— To do —
Please repeat the listing exactly, starting at its first line and stopping after the line that contains "Killer attack on".

— Records for the exercise —
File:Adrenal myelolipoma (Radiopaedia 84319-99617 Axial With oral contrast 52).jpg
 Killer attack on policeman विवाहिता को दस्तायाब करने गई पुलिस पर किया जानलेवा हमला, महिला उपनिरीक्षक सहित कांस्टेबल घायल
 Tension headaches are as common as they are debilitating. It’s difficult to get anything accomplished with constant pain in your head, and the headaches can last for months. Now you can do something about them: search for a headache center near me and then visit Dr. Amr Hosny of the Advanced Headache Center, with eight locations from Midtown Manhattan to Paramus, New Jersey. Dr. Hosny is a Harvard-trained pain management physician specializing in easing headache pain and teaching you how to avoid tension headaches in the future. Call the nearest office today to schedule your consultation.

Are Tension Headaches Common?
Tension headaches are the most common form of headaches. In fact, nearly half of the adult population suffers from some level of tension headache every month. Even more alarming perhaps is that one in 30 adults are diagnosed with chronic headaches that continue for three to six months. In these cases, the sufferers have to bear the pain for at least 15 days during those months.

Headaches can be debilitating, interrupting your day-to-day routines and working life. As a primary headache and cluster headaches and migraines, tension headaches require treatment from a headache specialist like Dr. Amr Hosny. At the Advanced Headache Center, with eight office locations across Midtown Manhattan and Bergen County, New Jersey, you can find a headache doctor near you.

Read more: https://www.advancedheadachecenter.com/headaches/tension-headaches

— Output of the exercise —
File:Adrenal myelolipoma (Radiopaedia 84319-99617 Axial With oral contrast 52).jpg
 Killer attack on policeman विवाहिता को दस्तायाब करने गई पुलिस पर किया जानलेवा हमला, महिला उपनिरीक्षक सहित कांस्टेबल घायल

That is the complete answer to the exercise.